Se qualcuno vuole capire perché i sindacati della scuola protestano contro un governo che ha deciso di assumere centomila precari, può dare un’occhiata agli articoli di Giovanni Cominelli e di Anita Gramigna che abbiamo pubblicato nel numero di aprile della nostra rivista.
Non sono articoli di commento puntuale, ma servono comunque più della marmellata uscita dal mixer delle consultazioni on line: con buona pace non solo dei feticisti della democrazia diretta, ma anche dei furbetti del sondaggino, che non hanno avuto il coraggio di indicare esplicitamente il paradigma che tiene insieme le singole proposte di riforma.
Il paradigma è quello che concepisce la scuola come una comunità educante, e non come una specie di ministero che somministra lezioni ex cathedra giustapposte l’una all’altra: il che è indispensabile in un contesto in cui si sono moltiplicate le fonti del sapere ma si sono rarefatte quelle del capire e dell’interpretare.
E’ in questo contesto che i ruoli dei docenti devono diventare più flessibili, che le retribuzioni debbono essere articolate, che il reclutamento deve dipendere dalle esigenze specifiche del progetto didattico di ciascuna comunità, che i dirigenti debbono essere responsabilizzati. Tutta roba indigesta per sindacati abituati a manipolare graduatorie di precari, a custodire carriere automatiche, a lucrare su inutili corsi d’aggiornamento.
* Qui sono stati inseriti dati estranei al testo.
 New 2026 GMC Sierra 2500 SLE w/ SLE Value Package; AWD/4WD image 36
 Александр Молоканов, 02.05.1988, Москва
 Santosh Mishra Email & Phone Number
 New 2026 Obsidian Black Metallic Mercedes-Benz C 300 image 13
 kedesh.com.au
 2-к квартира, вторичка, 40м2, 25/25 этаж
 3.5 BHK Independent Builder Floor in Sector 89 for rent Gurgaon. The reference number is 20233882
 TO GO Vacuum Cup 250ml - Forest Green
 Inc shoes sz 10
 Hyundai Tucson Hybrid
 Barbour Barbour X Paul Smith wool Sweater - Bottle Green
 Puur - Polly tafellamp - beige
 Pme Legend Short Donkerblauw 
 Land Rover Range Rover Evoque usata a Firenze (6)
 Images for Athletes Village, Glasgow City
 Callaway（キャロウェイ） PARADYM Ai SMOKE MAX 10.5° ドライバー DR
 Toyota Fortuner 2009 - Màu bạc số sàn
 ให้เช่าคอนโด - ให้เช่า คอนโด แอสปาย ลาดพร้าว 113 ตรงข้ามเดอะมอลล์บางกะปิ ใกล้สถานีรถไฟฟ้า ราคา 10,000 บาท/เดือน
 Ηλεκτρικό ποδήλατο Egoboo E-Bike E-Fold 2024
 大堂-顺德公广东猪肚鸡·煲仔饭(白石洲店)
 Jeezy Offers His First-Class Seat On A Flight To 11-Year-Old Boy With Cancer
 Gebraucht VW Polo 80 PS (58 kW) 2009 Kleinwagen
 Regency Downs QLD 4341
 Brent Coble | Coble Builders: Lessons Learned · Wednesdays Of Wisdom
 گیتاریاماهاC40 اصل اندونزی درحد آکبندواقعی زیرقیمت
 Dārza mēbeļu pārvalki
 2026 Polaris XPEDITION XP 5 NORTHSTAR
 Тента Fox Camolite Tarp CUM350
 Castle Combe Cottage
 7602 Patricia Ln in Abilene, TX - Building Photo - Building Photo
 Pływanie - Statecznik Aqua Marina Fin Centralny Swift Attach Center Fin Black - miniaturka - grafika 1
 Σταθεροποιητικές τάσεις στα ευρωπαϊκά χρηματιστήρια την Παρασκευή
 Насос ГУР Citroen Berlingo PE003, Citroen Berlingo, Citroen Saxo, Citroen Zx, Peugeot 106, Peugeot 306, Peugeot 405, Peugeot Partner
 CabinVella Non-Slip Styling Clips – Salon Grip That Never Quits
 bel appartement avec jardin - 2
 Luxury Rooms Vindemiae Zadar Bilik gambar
E tutta roba incomprensibile, anche, per un sistema mediale abituato a delegare agli “addetti ai lavori” la trattazione di temi che vadano al di là di un naso capace di annusare solo scandalismo e sensazionalismo.
Comunque in questo caso gli addetti ai lavori con cui discutere non vanno cercati fra i sindacati della scuola, che non sono il medico ma la malattia. Dovrebbero essere i giovani, se sapessero trovare forme di partecipazione diverse dai centri sociali e darsi rappresentanze degne di questo nome; e dovrebbero essere le famiglie, se non considerassero la scuola come un comodo parcheggio per la propria prole.
Fra gli addetti ai lavori dovrebbero essere ovviamente annoverati anche i sindacati. Ma quelli veri. Quelli cioè che organizzano la forza lavoro in un mercato sempre più esigente e sempre più affamato di competenze e di saper fare. Ci faccia quindi sognare, la ministra Giannini: e invece di ripararsi dietro i sondaggi si appelli agli stakeholder (un po’ d’inglese lo mastichiamo anche noi), metalmeccanici o addetti al terziario che siano.